Ma al bar dell’ospedale di Bassano del Grappa, nel Vicentino, i sorrisi tirati tradiscono un certo nervosismo. Non dovuto solo ai troppi caffè bevuti.
«Dobbiamo ancora capire se i minuti di pausa ci verranno sottratti dal conteggio delle ore di lavoro – ragiona un giovane infermiere al capannello dei colleghi in pausa – Quando sforo le sei ore canoniche e resto dieci minuti in più, nessuno me le conteggia. Figuriamoci, tutti straordinari non pagati che passano in cavalleria. E allora perché mi togli i dieci minuti di cui ho diritto per staccare la spina?».

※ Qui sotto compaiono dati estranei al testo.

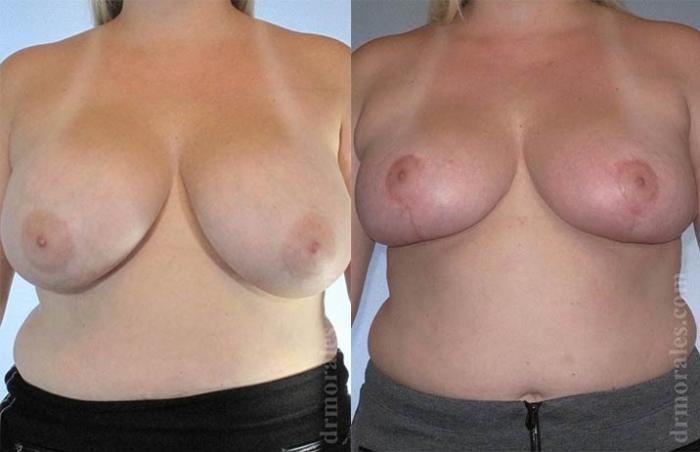 Before & After Breast Revision Case 574 View 1 View in Houston, TX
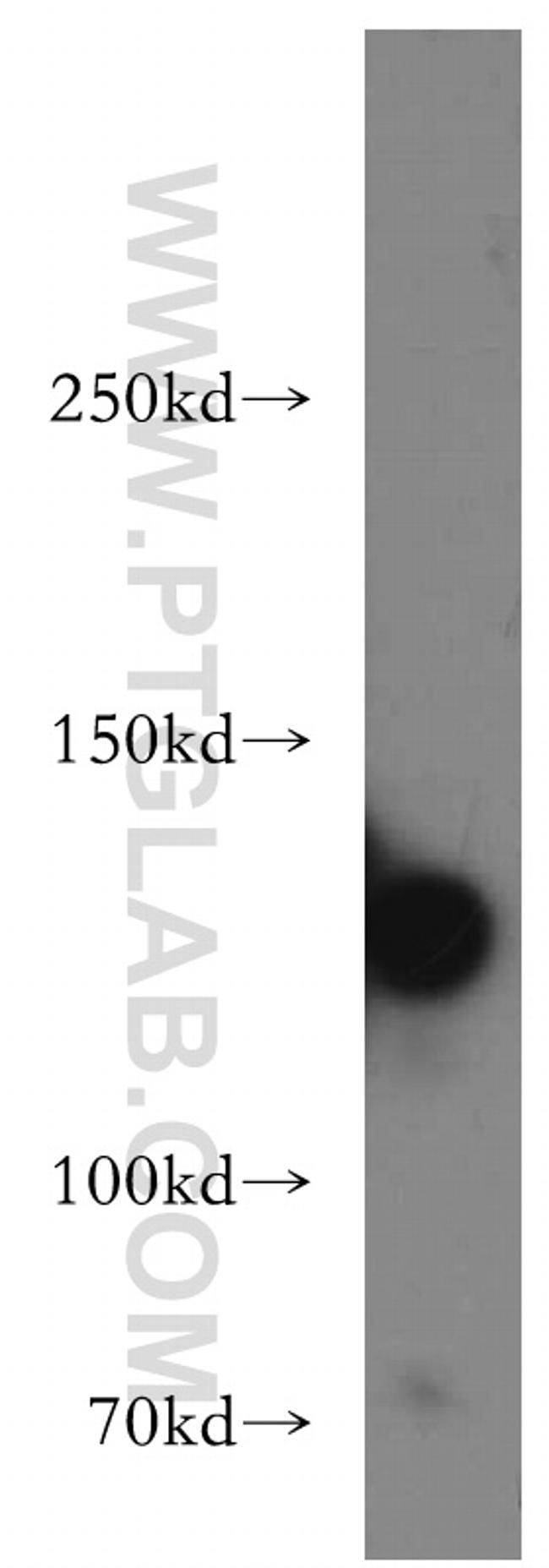 MYLK Antibody in Western Blot (WB)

C’è da dire che dall’ospedale San Bassiano difficilmente si scappa. L’edificio, un’astronave in cemento atterrata alla periferia della città, è circondato da campi e parcheggi. Come dire che un’ipotetica fuga a metà turno comporterebbe il dover prendere l’automobile, uscire dal parcheggio. Insomma, farsi notare. Così la via maestra per l’agognata pausa è l’unico bar che si trova al piano terra, dove passano tutti. Lì dentro, l’imboscato non passa inosservato.
«Se vieni prima delle dieci di mattina ti rendi conto dell’effetto che ha avuto quella circolare del direttore generale», sussurra un’infermiera. «Prima al bancone c’era la ressa, adesso è un deserto».
Nei corridoi se ne parla come di una novità assoluta. Con buona pace di Compostella che, agli occhi dei dipendenti dell’Usl 3, si è cucito addosso la stella da sceriffo. C’è anche chi cerca una mediazione, come il coordinatore di reparto del Suem, Daniele Spanio: «Al personale non è piaciuta neanche un po’ – ammette – eppure la circolare non toglie il diritto alla pausa, ma mette una regola. Per il dipendente è una tutela: se lavoro all’ultimo piano e per andare al bar ci metto mezzora, posso giustificare al mio superiore l’assenza».
Per far digerire tutto ciò, far sparire i musi lunghi e applicare in modo «umano» la norma sono già in calendario riunioni in ogni reparto. Intanto si sopravvive con l’ironia: «Ho sul groppone centottanta ore di straordinario – considera un coordinatore di reparto, tazzina alla mano – Che vuoi che mi cambino cinque minuti in più o cinque in meno…».